Saturday, September 13, 2008

Mark Steyn on the Origins of Tolerating Intolerance

Mark Steyn gave this brief history of the blunt instrument of “Islamophobia” in a speech at Hillsdale College in March, as recorded in Imprimis Magazine:

Every day of the week, somewhere in the West, a Muslim lobbying group is engaging in an action similar to what I’m facing in Canada. Meanwhile, in London, masked men marched through the streets with signs reading, “Behead the Enemies of Islam” and promising another 911 and another Holocaust, all while being protected by a phalanx of London policemen.

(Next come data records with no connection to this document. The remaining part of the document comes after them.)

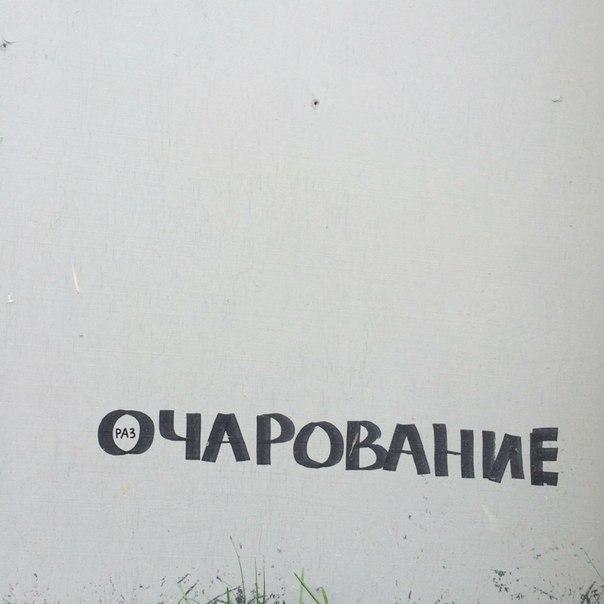 u-Nhe_hpc_s.jpg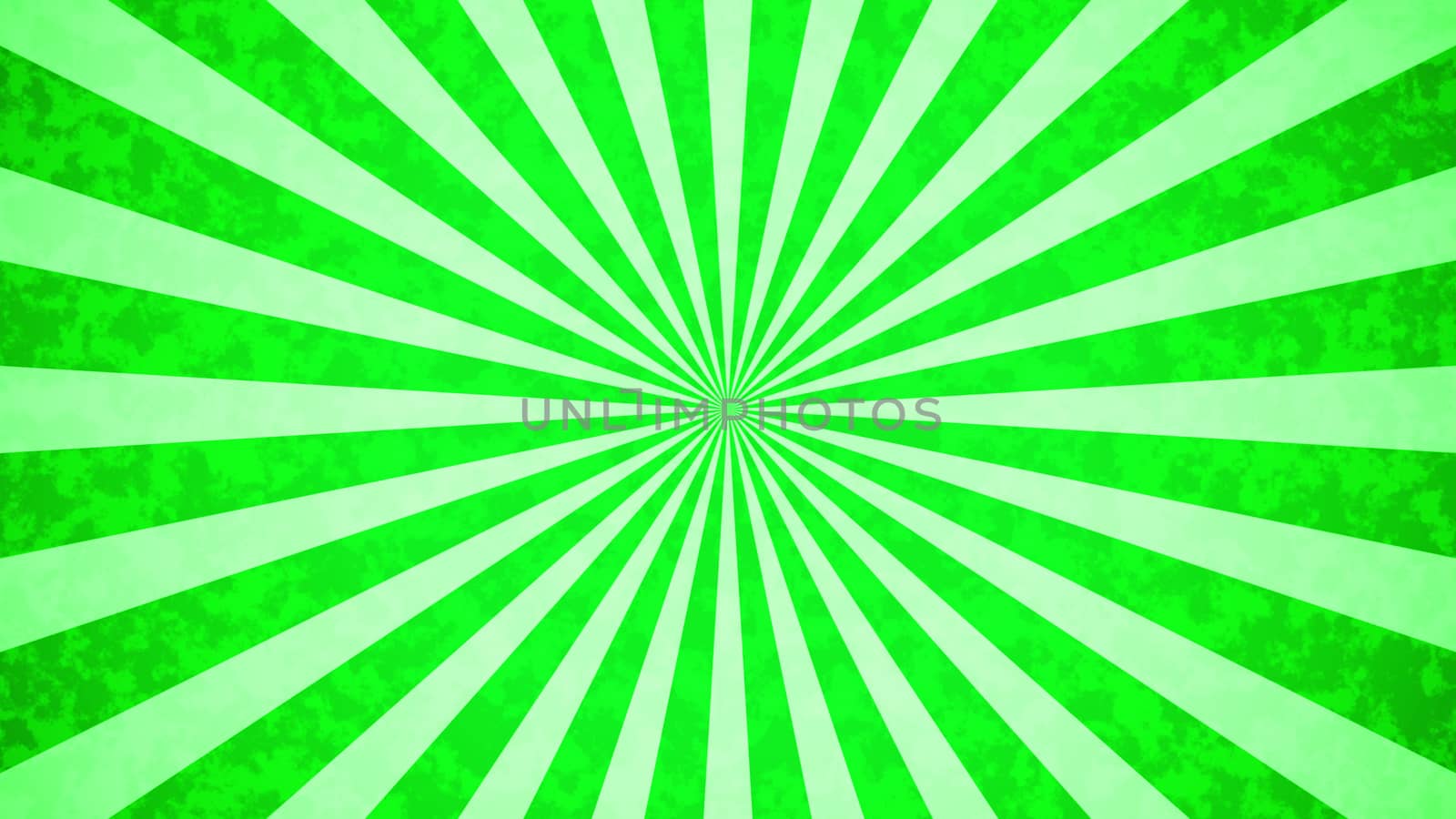 Vintage Green background 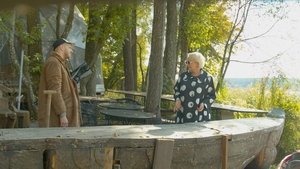 Moterys meluoja geriau Epizóda 77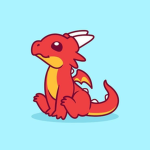 Dragon_Developer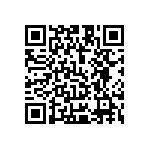 Y0111120R000B0L QRCode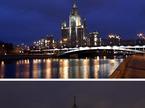 Moskva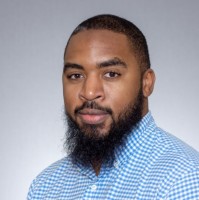 Anthony Purnell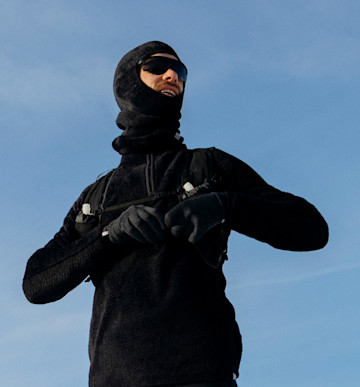 Accessories Accessories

Thus we see that today’s multicultural societies tolerate the explicitly intolerant and avowedly unicultural, while refusing to tolerate anyone pointing out that intolerance. It’s been that way for 20 years now, ever since Valentine’s Day 1989, when the Ayatollah Khomeini issued his fatwa against the novelist Salman Rushdie, a British subject, and shortly thereafter large numbers of British Muslims marched through English cities openly calling for Rushdie to be killed. A reader in Bradford wrote to me recalling asking a West Yorkshire policeman on the street that day why the various “Muslim community leaders” weren’t being arrested for incitement to murder. The officer said they’d been told to “play it cool.” The calls for blood got more raucous. My correspondent asked his question again. The policeman told him to “Push off” (he expressed the sentiment rather more Anglo-Saxonly, but let that pass) “or I’ll arrest you.” Mr. Rushdie was infuriated when the then Archbishop of Canterbury lapsed into root-cause mode. “I well understand the devout Muslims’ reactions, wounded by what they hold most dear and would themselves die for,” said His Grace. Rushdie replied tersely, “There is only one person here who is in any danger of dying.”


And that's the way it's gone ever since. For all the talk about rampant “Islamophobia,” it's usually only the other party who is “in any danger of dying.”